Sérgio Loureiro, que está muito velho para ter direito ao passe estudantil e muito novo para ter direito ao Rio-Card da terceira idade, faz essas longas caminhadas para ir trabalhar. Por ser do lar, sua mulher Irene Santana gasta menos sola do chinelo que usa para levar o filho para a única escola pública que conseguiu vaga para ele, a meia hora de caminhada da sua casa. Incomoda-se com a poeira acumulada nos pés, mas é com satisfação que faz esse trajeto diariamente. "Minha mãe era doente e não podia me levar à escola", lembra a dona de casa, que não pôde estudar.
Vidas secas
A família Loureiro em nada se parece com a do retirante Fabiano, personagem do romance Vidas Secas, do alagoano Graciliano Ramos. Mas também é a pé que seus filhos vão atrás de um futuro diferente. Com 16 anos, Renato passa o dia inteiro na obra em que é ajudante de pedreiro e, de lá, caminha até a escola por intermédio da qual pretende pavimentar sua estrada até o vestibular de administração de empresa. Esse caminho, que tem um pouco de asfalto, mato e lama, é feito com passadas largas em cima de um sapato "que não tem nada de especial". "Quero terminar logo o ensino médio", diz Renato.A família Loureiro tem parentes que ocupam pelo menos mais duas casas da Rua Barita. Do número 50, Lindiara Loureiro parte diariamente com seu furado sapato escolar atrás de um futuro talvez mais pretensioso do que o de Renato. "Quero ser advogada", afirma ela, que faz esse trajeto a pé porque ainda não conseguiu o passe escolar que lhe pouparia uma caminha de mais de meia hora. Na porta da sala de aula, ela sempre dá uma parada para limpar os sapatos que suja nas imediações da escola, cuja rua é de barro.

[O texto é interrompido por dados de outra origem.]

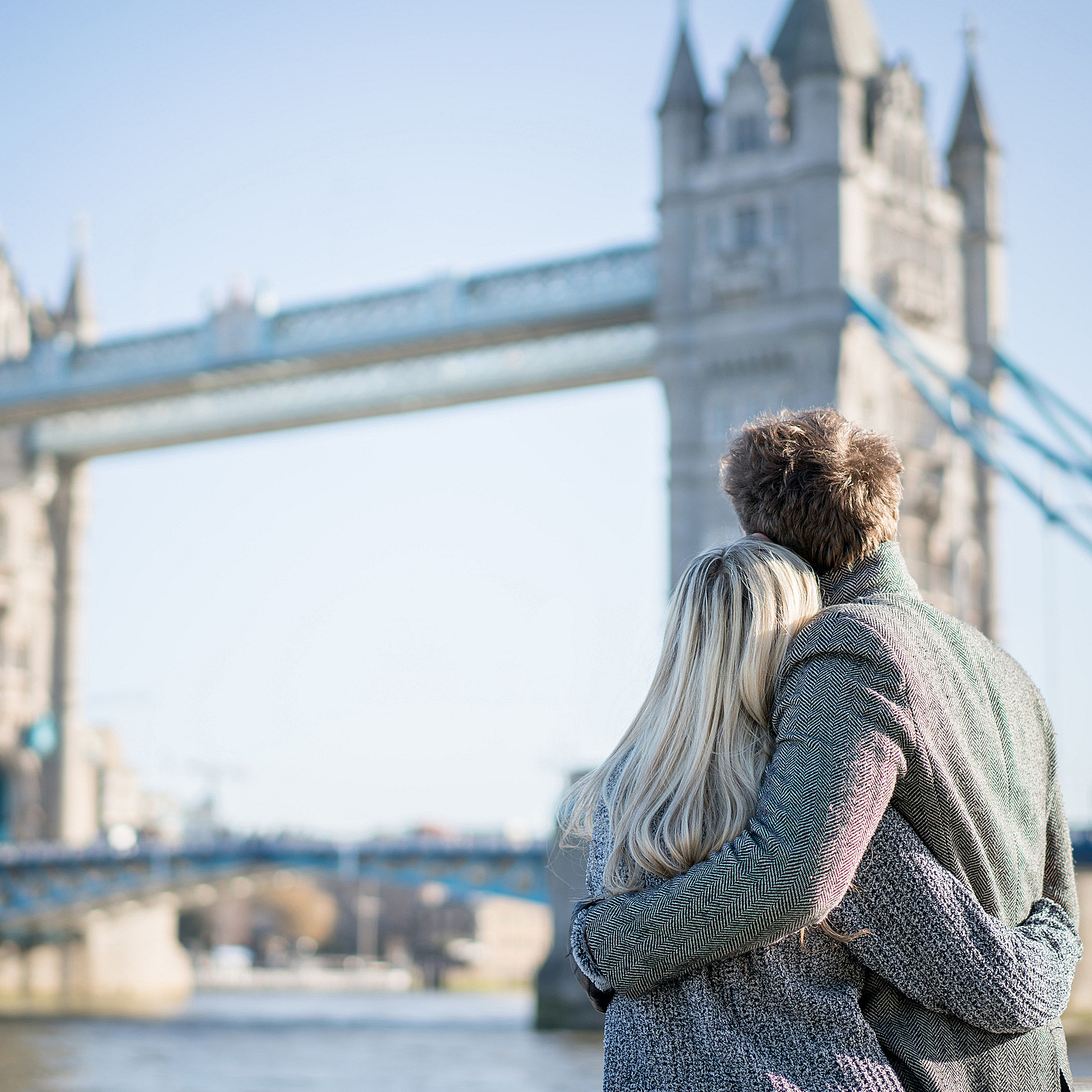 Weekend i London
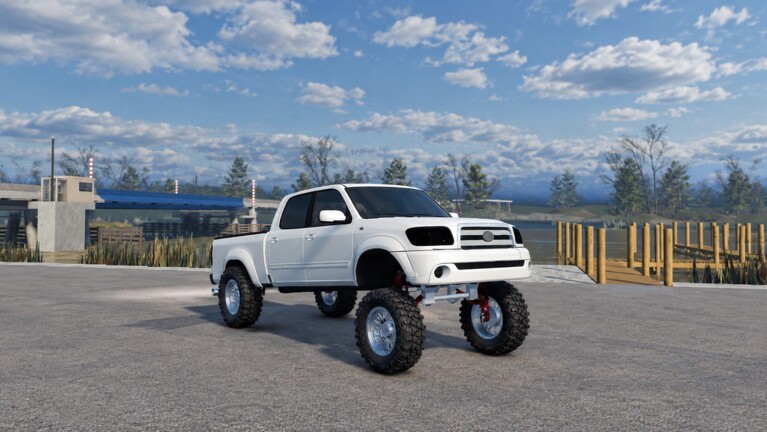Westville Florida — official Roblox game image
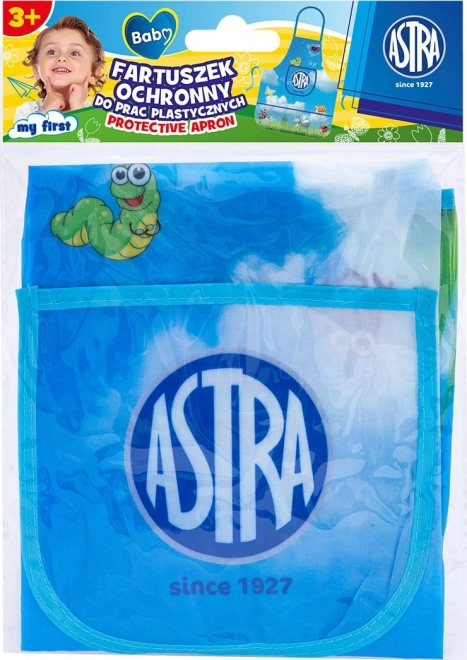 ASTRA BABY Børneforklæde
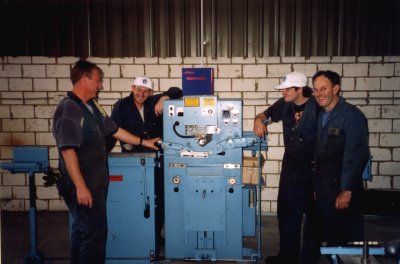 Phoenix and the Armstrong No. 85 Autotip
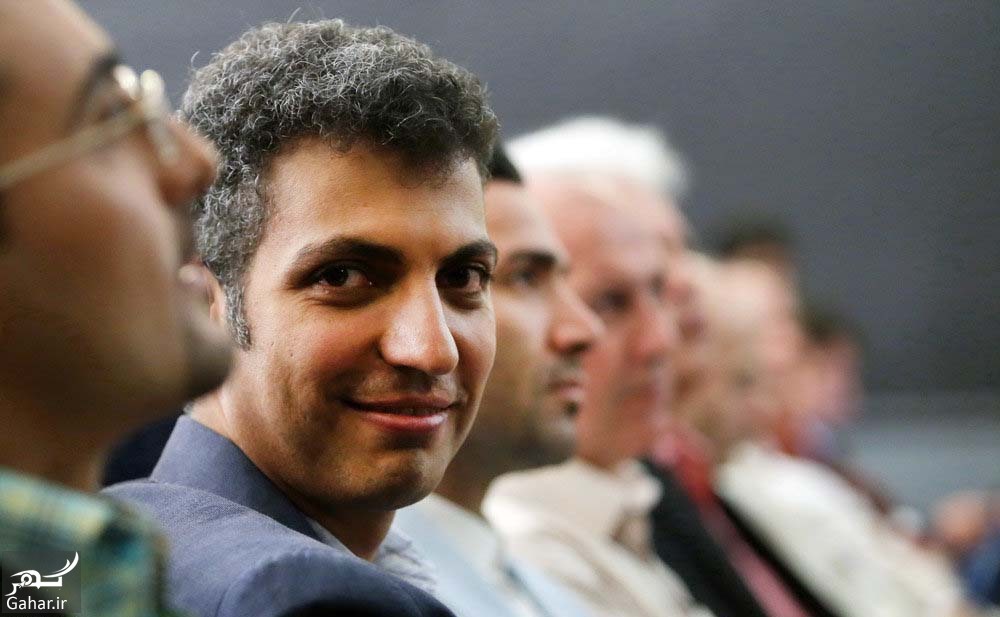 عکس مرجان فردوسی پور خواهر عادل فردوسی پور
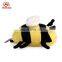 Korean Super Soft Decorative Insect Pillow Custom Plush Maya The Honey Bee Stuffed Bumble Toys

Uma bicicleta para Weverton
Juliana Loureiro parte do número 150 da mesma Rua Barita por um caminho com "rua asfaltada e um supermercado perto do ponto de ônibus" que não pode pegar porque também ainda não conseguiu pegar o passe escolar. Com 12 anos, Juliana tem que sair 35 minutos antes da aula para chegar a tempo com seu sapato "que já está rasgando e até furando de tanto andar com ele". Ela caminha determinada, "faça chuva, faça sol". "Vou atrás do meu futuro."
A jovem repórter Sheila Loureiro tem a mesma sina fabiana da família. E sonha com o dia em que vai comprar a bicicleta com a qual poupará não apenas o tempo que a separa da escola em que estuda seu filho Weverton, de sete anos. "Tem dias que ele nem quer ir para a escola, de tão cansado", queixa-se Sheila, de 22 anos. Mesmo nesses dias ela insiste em meter o pé na lama. "Sei que um dia ele vai me agradecer muito por esse sacrifício."